Same ~50-100 users at the start of proxy consume ~100MB of RAM, but after several days of uptime, RAM usage grows above 1 GB.

I haven’t looked at CPU or memory on my machine in quite a while. I checked yesterday and RAM was at 1.3GB, a few hours later it was at 1.59, and this morning it was back down to 1.29. Not sure it’s a leak but it sure is greedy. My current run of snowflake started on Dec. 1 and has been running uninterrupted since then so I presume the RAM usage must have leveled off at some point and doesn’t get any worse. I’m using an old Mac Pro x86-64, 2x6 core and 32 GB RAM so I didn’t notice any performance impact but it would be pretty brutal on less RAM for sure.
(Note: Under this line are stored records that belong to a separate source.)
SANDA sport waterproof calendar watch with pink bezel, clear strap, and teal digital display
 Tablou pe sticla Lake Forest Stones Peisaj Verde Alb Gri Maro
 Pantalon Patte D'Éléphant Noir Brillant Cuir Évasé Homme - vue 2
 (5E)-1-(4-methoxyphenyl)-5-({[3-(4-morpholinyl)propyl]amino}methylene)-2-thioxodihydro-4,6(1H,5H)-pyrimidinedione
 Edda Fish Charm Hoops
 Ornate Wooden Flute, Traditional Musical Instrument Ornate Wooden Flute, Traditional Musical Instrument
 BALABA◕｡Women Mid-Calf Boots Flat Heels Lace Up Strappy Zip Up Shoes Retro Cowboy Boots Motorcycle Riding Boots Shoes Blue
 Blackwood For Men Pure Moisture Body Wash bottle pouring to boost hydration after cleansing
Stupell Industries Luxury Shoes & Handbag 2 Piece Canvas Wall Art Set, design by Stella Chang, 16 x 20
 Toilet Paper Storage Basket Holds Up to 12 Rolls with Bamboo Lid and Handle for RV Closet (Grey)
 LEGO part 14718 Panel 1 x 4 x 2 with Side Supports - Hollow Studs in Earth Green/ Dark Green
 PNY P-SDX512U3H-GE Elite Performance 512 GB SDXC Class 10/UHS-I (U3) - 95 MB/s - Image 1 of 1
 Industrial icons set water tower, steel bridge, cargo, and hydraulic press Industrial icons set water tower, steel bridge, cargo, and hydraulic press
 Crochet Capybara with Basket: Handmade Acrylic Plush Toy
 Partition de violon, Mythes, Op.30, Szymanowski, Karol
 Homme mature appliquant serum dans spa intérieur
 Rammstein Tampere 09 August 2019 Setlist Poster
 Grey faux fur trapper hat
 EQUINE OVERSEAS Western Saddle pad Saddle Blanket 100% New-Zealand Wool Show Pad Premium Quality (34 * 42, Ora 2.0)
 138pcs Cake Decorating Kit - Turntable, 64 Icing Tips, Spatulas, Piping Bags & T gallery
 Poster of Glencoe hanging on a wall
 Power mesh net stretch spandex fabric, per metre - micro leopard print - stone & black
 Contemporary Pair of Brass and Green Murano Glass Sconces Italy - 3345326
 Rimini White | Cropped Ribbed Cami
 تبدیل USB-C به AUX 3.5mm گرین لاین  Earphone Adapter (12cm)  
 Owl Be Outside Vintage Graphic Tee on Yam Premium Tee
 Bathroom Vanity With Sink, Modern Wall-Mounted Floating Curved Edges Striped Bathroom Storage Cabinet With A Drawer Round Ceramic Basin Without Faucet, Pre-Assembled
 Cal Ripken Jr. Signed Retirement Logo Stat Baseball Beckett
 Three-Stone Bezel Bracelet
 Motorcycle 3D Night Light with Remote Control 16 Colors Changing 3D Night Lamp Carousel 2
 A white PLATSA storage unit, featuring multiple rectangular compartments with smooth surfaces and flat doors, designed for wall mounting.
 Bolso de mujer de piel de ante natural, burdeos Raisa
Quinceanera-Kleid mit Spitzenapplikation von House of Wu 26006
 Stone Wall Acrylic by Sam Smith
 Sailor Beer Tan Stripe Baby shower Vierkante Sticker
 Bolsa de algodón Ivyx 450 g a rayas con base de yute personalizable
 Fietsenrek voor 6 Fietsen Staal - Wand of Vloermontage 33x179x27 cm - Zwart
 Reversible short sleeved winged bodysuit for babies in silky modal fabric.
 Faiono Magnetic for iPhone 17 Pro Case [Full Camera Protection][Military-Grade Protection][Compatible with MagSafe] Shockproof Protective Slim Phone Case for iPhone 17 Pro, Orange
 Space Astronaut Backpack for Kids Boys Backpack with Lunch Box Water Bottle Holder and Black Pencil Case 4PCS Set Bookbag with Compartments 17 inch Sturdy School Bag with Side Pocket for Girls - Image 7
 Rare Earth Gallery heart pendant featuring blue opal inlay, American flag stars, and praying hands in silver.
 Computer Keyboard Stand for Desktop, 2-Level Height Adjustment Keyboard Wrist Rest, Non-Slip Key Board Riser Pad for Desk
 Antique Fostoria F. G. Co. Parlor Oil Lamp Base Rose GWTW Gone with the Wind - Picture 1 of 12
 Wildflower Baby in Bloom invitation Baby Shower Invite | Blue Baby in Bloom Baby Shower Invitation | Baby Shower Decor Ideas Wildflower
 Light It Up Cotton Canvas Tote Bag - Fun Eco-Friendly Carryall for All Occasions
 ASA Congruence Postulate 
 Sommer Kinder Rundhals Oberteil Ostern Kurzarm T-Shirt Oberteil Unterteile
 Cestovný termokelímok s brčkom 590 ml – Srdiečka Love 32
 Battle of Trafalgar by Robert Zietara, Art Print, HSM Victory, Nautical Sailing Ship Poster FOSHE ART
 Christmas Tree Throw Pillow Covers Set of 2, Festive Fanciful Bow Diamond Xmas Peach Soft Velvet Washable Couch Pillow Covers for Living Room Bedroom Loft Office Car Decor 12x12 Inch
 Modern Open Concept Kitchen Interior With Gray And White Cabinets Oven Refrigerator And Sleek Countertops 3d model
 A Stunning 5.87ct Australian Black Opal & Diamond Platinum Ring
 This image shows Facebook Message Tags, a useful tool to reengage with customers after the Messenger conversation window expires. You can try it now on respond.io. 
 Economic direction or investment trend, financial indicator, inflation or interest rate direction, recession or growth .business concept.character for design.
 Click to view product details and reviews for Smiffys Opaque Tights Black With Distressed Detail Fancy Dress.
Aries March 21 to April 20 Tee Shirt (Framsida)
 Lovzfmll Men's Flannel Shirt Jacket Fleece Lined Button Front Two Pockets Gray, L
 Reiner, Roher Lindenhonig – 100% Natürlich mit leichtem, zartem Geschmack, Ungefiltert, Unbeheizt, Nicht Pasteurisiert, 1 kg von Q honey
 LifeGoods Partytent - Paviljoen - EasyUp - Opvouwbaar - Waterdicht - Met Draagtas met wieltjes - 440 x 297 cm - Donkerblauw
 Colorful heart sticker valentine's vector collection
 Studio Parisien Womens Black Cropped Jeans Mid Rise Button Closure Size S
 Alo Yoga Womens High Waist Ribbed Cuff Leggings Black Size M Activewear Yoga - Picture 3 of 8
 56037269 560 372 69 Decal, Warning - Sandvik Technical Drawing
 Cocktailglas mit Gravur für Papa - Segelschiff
Your post made me have a look so I thought I’d report in.

2 Likes

It is possible that Snowflake have buffers, which can grow during high activity of clients, but for some reason they can’t shrink back when activity becomes low again.
I see correlation of RAM usage with client count, so it may be that such leak is not completely unmanaged.
But at the same time it is very strange that after start proxy requires lot less RAM per user than after weeks of operation.

If anyone can collect data and make charts with amount of TCP connections and RAM usage of Snowflake proxy over the time (including data after proxy restart) it may give clues about what is happening.

I think it’s getting off-topic. I created an issue about the leak.

I just wanted to note that if problem with connections limits will be solved, then right after it problem with RAM usage will appear.
So, maybe, RAM consumption problem should be fixed before single-threaded bottleneck.